Regenerative medicine uses healthy human cells, either from the same person or from a donor, to restore normal function in the body.
The University of Miami Sports Medicine Institute at the University of Miami Miller School of Medicine merges evidence-based orthopaedics with cutting-edge techniques in regenerative medicine that include platelet-rich plasma (PRP), fat-derived stem cells, and bone marrow-derived stem cells. These treatments allow us to provide viable alternatives to surgery to treat common orthopaedic and sports-related injuries.
Platelets and mesenchymal stem cells are key factors important in wound healing. Platelets are found in our circulating blood in small numbers. Techniques used to concentrate platelets drawn from your own blood supply, unlock the healing power of platelets to relieve pain and stop inflammation for many musculoskeletal disorders and sports injuries. Platelet-derived growth factors are biologically active substances that enhance tissue repair. Activated platelets at a wound site release proteins that directly and indirectly influence all aspects of the wound healing cascade.
What Conditions Benefit From PRP?
PRP treatment works best for chronic ligament and tendon sprains/strains that have failed other conservative treatment (physical therapy, rest, medications), including:
- Rotator cuff injuries, including partial-thickness and full-thickness tears
- Tennis & golfer’s elbow
- Hamstring and hip strains
- Knee sprains and instability
- Patellofemoral syndrome and patellar tendinosis
- Ankle sprains
- Achilles tendinosis & plantar fasciitis
- Sports hernias & athletic pubalgia
- Knee, hip, and other joint osteoarthritis
NOTE: Most insurance plans, including Medicare, do NOT pay for PRP injections.
Stem Cell Therapy
BMAC (Bone marrow-derived stem cells)
Stem cells are gathered by aspirating bone marrow from the back of a patient’s pelvis. One can expect only minimal discomfort from the procedure. The aspirate includes platelets, mesenchymal stem cells, and other kinds of stem cells used in adult stem cell therapy. The bone marrow is placed inside a special machine and this process separates the platelets and stem cells from the remainder of the blood products. It is this concentration of bone marrow—called BMAC, or bone marrow aspiration concentrate—that is reintroduced to the injured area during stem cell therapy.
Lipo-aspirate (Fat-derived stem cells)
Adipose tissue is an excellent source of regenerative stem cells. The stem cells isolated from adipose tissue are abundant, easily extracted via lipo-aspiration, and they are capable of differentiation into numerous cell types. Adipose-derived stem cells hold particular promise in the field of regenerative medicine. Large quantities of adipose-derived stem cells may be collected in a minimally invasive procedure, similar to liposuction. Adipose tissue can be harvested from the belly, love-handles, or buttocks.
What Conditions May Benefit From Stem Cell Therapy?

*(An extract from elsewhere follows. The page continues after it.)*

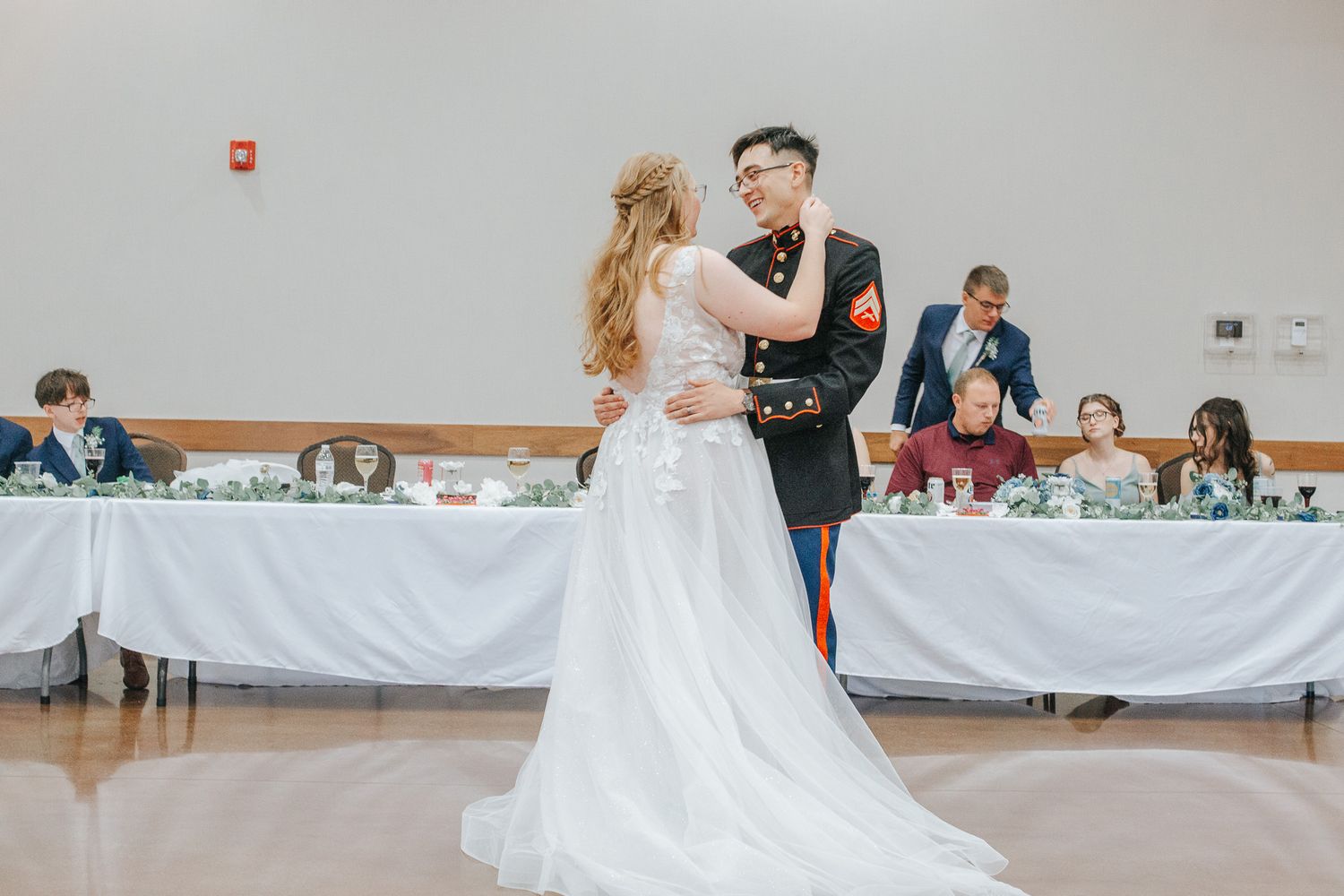 Wedding guests dance together during a reception celebration in a decorated banquet hall.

Stem cell injections are most commonly used for the treatment of conditions that have failed or responded incompletely to other more conservative treatments. Conditions include, but are not limited to:
- Chronic partial Rotator Cuff Tears
- Persistent partial tendon tears, such as tennis elbow, plantar fasciitis, quadriceps and patellar tendon tears.
- Partial muscle tears
- Meniscal (cartilage) tears in the knee
What are the risks associated with stem cell treatment?
Injections can potentially cause infection, bleeding, or nerve damage. Risks will also depends on the structure being injected. Because we are using your own cells, the risk of an allergic reaction or rejection of the tissue product is very low. The use of ultrasound guidance helps lower the the risk of damaging surrounding structures, or of injecting the wrong location. Our doctors will review the complete risks of treatment with you. Overall the risks of these treatments are extremely low.
NOTE: Currently stem cell injections are still considered experimental. Most insurance plans, including Medicare, do NOT pay for stem cell injections.
Who is a Candidate?
There are no definitive criteria to determine who is a candidate, but there are some general guidelines, including:
- Physical therapy has been ineffective at improving function and refucing pain
- Injury pain causes disruption to your daily activities
- You are sensitive or resistant to ibuprofen or other anti-inflammatory medications (NSAIDs)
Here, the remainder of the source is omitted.